**Work to complete**
Transcribe the listing exactly, so that nothing but the pictures is missing.

**Dataset section**
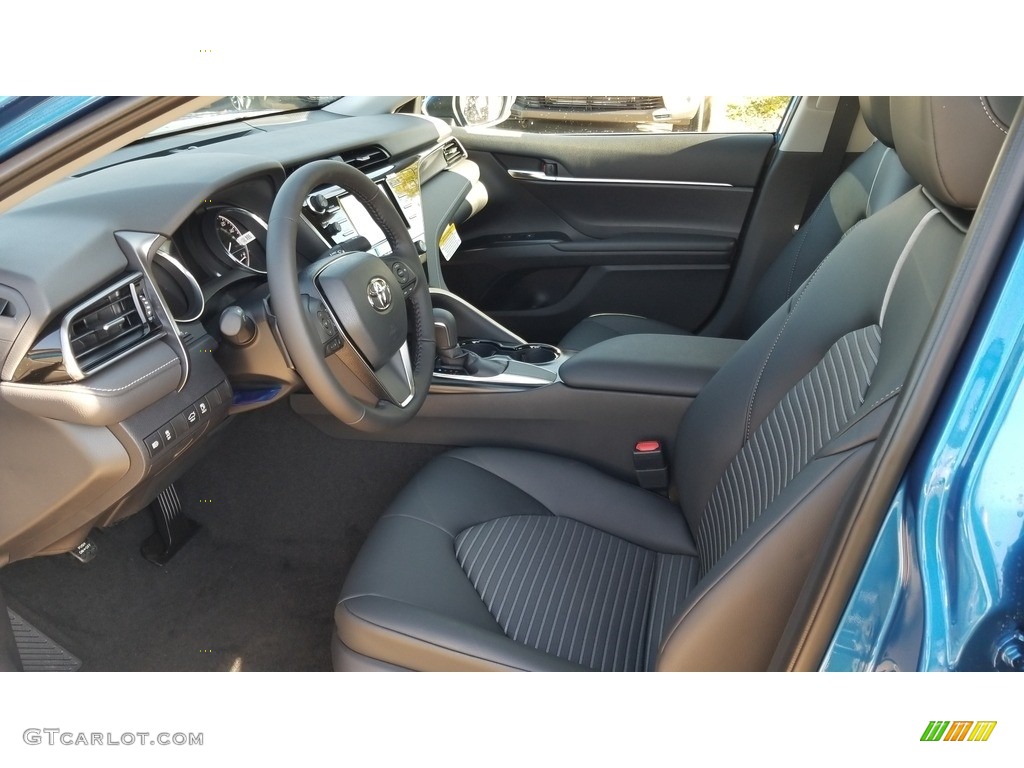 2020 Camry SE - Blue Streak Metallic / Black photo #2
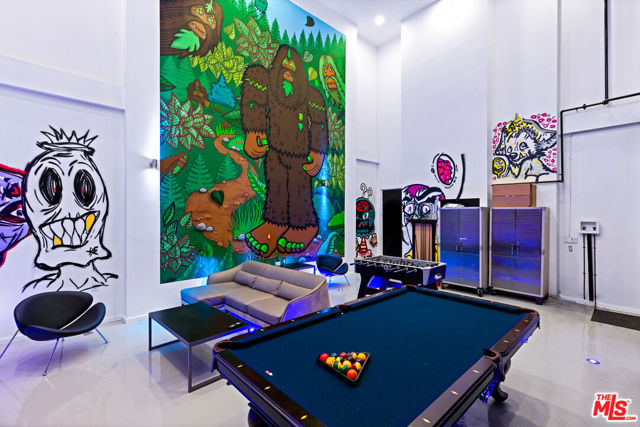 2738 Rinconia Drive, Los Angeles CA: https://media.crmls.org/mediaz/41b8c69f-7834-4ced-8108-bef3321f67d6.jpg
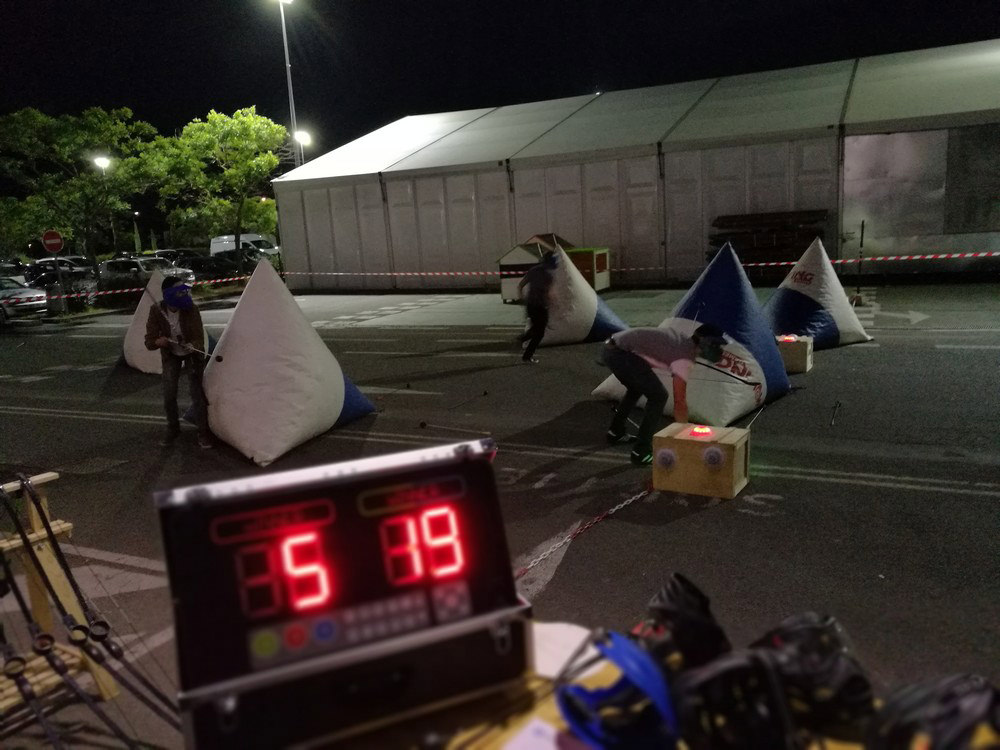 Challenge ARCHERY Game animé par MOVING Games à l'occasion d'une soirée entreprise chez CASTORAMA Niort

**Answer area**
 2020 Camry SE - Blue Streak Metallic / Black photo #2
 2738 Rinconia Drive, Los Angeles CA: https://media.crmls.org/mediaz/41b8c69f-7834-4ced-8108-bef3321f67d6.jpg
 Challenge ARCHERY Game animé par MOVING Games à l'occasion d'une soirée entreprise chez CASTORAMA Niort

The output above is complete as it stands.